Auto-created by the knowledge bootstrap system. Updated as the system
learns your preferences from interactions.

## Role & Expertise

- **Role:** _[auto-detected or user-specified]_
- **Technical level:** _[beginner | intermediate | advanced]_
- **SQL comfort:** _[none | basic | intermediate | advanced]_
- **Statistics comfort:** _[none | basic | intermediate | advanced]_
- **Domain:** _[e-commerce | fintech | saas | marketplace | other]_

## Communication Preferences

- **Detail level:** _[executive-summary | standard | deep-dive]_
- **Chart preference:** _[minimal | standard | chart-heavy]_
- **Narrative style:** _[bullet-points | prose | mixed]_

## Corrections Log

_Records of times the user corrected the system's assumptions. Used to
improve future interactions._

<!-- Format: YYYY-MM-DD | What was wrong | What was right -->

Step 4b: Update profile from corrections

When the user corrects the system during a session (e.g., "I'm a PM not an engineer", "give me more detail", "I prefer bullet points"), update the profile:

•Update the relevant field in Role & Expertise or Communication Preferences

•Append an entry to the Corrections Log:

code

YYYY-MM-DD | Assumed [wrong thing] | User prefers [right thing]

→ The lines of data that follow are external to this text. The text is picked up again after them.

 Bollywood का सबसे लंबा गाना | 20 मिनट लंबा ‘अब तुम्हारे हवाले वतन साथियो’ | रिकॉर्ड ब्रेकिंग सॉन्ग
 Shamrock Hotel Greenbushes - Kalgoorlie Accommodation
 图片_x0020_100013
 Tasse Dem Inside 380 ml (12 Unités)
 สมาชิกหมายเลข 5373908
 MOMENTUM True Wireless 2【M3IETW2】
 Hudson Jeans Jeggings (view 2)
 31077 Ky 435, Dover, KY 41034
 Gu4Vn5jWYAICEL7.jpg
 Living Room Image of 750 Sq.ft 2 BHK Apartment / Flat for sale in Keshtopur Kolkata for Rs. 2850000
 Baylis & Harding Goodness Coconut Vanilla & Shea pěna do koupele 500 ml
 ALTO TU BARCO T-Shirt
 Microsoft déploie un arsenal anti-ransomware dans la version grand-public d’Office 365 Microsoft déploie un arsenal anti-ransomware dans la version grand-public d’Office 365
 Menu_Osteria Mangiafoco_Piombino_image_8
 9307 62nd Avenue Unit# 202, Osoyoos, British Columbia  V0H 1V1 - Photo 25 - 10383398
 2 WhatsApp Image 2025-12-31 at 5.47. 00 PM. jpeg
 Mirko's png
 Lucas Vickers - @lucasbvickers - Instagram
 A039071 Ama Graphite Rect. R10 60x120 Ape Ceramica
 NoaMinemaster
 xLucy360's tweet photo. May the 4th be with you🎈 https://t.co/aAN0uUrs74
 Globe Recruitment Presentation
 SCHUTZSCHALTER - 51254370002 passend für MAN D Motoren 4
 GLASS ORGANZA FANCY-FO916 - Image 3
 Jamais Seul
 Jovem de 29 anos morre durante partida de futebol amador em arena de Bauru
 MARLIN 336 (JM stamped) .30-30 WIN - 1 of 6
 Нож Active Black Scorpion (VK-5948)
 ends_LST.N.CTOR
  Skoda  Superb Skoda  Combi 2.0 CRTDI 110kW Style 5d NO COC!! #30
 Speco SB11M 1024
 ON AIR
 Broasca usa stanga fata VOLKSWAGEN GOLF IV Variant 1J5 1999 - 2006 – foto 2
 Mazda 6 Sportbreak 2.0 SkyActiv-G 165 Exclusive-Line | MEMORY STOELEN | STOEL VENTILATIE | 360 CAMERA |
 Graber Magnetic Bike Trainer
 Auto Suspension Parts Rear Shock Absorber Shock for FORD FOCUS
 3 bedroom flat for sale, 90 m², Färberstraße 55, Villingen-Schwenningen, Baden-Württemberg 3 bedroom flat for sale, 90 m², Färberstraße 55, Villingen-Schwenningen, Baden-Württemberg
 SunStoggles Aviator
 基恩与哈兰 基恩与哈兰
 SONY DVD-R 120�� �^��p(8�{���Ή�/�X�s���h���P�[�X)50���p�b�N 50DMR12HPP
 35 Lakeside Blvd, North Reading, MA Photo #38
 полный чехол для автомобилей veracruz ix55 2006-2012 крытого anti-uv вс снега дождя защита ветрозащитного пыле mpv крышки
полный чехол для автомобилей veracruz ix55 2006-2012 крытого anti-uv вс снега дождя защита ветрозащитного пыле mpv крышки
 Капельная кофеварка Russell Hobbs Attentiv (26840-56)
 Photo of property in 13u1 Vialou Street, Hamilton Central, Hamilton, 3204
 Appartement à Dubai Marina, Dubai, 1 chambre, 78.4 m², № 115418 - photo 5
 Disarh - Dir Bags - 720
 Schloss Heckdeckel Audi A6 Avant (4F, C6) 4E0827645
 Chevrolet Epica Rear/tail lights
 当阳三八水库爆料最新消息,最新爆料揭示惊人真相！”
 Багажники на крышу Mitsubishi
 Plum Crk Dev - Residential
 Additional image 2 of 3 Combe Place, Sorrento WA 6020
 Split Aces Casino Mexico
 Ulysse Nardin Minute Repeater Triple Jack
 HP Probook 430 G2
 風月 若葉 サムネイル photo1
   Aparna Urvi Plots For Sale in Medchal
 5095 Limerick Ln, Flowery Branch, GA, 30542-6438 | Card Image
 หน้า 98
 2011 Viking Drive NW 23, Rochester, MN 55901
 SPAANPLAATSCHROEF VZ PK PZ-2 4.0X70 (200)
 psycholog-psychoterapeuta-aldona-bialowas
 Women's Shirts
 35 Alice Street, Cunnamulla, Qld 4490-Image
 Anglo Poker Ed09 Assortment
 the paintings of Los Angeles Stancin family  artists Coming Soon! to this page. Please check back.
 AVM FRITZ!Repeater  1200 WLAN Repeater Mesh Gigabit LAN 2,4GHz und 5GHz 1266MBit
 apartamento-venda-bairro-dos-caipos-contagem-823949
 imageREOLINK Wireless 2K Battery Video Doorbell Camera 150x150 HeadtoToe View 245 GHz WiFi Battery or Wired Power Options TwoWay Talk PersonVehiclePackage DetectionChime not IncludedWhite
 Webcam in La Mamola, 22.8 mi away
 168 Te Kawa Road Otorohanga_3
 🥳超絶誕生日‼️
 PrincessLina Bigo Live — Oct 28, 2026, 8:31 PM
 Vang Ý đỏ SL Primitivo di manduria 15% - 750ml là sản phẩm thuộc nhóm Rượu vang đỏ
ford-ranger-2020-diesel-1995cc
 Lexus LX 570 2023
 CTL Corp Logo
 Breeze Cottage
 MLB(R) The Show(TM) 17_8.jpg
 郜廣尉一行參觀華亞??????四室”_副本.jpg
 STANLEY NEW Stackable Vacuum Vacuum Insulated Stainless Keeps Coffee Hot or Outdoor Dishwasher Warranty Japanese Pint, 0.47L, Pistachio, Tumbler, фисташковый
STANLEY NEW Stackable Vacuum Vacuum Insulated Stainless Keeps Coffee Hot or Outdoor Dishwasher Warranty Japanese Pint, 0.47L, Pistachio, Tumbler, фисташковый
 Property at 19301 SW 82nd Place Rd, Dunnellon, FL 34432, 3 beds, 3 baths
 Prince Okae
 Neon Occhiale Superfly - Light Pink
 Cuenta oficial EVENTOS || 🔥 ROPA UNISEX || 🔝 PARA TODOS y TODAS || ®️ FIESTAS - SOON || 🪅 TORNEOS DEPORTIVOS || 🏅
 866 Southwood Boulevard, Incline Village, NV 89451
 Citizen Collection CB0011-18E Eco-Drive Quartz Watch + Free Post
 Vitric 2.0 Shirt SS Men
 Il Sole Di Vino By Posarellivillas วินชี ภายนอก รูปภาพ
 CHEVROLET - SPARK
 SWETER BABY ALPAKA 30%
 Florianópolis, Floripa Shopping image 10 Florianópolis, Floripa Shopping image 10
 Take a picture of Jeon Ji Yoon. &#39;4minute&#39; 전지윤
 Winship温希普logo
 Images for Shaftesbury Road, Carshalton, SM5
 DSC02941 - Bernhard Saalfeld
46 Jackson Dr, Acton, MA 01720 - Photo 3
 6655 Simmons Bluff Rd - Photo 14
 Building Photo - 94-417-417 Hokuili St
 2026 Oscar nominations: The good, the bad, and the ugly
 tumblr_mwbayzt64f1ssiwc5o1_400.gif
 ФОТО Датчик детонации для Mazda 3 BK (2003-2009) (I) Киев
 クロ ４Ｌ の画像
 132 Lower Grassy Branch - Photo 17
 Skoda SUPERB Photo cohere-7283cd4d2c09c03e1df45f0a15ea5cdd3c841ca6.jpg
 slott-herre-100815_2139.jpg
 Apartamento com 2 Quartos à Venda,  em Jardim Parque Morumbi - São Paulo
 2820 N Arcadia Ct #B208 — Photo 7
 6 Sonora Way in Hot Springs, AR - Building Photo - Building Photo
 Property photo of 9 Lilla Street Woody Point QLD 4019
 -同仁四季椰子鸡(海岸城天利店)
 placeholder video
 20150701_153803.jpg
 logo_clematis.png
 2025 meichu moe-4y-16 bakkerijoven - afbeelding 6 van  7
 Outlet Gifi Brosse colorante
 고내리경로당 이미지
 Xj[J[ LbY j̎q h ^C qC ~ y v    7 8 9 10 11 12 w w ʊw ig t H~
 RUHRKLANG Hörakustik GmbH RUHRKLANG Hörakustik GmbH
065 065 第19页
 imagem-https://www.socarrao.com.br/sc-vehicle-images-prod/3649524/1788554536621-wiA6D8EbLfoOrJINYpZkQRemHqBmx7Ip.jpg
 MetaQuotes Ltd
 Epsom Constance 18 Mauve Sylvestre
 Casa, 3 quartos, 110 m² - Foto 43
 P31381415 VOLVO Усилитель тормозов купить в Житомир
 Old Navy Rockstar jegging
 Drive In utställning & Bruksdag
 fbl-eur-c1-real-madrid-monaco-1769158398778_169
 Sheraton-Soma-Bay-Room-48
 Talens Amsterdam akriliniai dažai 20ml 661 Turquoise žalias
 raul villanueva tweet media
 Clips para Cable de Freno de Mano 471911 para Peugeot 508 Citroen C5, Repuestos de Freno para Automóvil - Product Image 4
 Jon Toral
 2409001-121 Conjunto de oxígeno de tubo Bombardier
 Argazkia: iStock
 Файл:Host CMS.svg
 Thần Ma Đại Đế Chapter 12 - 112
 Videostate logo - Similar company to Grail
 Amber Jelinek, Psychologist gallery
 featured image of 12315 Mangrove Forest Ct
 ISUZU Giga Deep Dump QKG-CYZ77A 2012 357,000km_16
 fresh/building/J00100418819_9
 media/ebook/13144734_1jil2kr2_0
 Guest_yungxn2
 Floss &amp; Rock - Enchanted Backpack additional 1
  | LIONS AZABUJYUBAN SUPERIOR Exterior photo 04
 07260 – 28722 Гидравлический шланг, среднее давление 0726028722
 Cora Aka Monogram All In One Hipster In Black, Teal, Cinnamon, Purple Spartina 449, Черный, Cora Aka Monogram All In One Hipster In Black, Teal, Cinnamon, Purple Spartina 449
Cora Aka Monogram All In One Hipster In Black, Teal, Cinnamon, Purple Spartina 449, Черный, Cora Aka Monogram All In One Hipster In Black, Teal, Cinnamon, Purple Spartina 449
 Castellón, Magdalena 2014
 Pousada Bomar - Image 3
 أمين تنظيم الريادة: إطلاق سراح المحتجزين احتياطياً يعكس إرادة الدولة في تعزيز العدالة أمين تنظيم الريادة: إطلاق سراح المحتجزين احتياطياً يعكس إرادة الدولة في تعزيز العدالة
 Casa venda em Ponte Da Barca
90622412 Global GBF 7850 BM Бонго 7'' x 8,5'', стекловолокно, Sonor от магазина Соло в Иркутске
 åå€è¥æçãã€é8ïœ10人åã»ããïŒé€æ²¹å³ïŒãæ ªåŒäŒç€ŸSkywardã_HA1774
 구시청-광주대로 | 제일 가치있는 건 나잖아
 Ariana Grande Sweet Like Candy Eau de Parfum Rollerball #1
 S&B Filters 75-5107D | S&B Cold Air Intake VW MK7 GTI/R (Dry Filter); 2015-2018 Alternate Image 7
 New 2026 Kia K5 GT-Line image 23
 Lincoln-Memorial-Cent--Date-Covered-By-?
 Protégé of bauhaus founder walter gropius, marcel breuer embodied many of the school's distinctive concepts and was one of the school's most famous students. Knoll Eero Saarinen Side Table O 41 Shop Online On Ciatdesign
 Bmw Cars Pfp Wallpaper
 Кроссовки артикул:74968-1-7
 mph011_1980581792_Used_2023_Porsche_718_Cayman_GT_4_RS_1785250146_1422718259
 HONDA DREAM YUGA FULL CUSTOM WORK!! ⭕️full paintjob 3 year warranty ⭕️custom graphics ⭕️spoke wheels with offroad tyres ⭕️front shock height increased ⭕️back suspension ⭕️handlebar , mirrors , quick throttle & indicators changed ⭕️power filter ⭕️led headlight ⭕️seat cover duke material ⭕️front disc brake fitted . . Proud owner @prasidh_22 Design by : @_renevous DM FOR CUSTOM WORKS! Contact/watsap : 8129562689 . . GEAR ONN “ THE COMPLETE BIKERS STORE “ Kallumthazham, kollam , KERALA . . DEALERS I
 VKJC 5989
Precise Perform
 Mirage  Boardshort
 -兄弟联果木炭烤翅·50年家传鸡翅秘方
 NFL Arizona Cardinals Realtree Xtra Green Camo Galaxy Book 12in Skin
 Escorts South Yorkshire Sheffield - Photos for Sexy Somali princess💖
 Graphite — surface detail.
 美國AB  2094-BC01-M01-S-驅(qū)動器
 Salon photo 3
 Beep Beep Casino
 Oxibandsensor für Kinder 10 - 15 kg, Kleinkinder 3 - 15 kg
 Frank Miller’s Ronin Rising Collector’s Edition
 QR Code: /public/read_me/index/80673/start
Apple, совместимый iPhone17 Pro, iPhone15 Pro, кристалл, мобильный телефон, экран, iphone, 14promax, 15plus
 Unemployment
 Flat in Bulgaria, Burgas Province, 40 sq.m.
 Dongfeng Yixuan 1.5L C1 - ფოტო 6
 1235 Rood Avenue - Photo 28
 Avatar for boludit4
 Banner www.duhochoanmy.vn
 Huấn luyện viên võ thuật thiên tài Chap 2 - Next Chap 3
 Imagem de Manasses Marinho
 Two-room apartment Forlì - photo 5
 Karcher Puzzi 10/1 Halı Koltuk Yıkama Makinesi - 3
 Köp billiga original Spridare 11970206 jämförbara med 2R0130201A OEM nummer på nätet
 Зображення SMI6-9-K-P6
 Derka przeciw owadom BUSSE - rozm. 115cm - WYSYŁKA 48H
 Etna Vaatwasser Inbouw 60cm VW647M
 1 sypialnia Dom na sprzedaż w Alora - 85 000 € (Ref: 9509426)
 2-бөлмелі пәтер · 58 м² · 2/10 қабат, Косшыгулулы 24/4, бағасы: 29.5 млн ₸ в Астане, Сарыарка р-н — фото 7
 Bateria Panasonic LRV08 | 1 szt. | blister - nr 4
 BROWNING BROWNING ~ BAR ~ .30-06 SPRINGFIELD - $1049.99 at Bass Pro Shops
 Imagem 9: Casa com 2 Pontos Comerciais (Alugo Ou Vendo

•Write the updated file back to .knowledge/user/profile.md

Important: Only update the profile when the user explicitly corrects a preference or states a preference. Do not infer preferences from silence.

Step 5: Report readiness

Output a brief status:

code

Dataset: {display_name} ({source type})
Tables: {N} tables, ~{row_count} rows
Date range: {date_range}
Metrics: {M} defined
Profile: {loaded | new}
Status: Ready for analysis

Edge Cases

•No .knowledge/ directory: Create the full tree (datasets/, analyses/, global/, user/) and prompt for /connect-data.
•Manifest exists but schema.md is empty: Run a quick profile to regenerate.
•Active dataset has no data files: Report the issue and suggest checking the connection or falling back to CSV.
•Multiple datasets exist: Report which is active and remind about /switch-dataset.

Anti-Patterns

•Never skip bootstrap. Even if you "know" the dataset, always read the manifest — connection details may have changed.
•Never hardcode dataset names. Always resolve from active.yaml.
•Never modify manifest.yaml during bootstrap. Bootstrap reads only. Only /connect-data and manual edits write to manifests.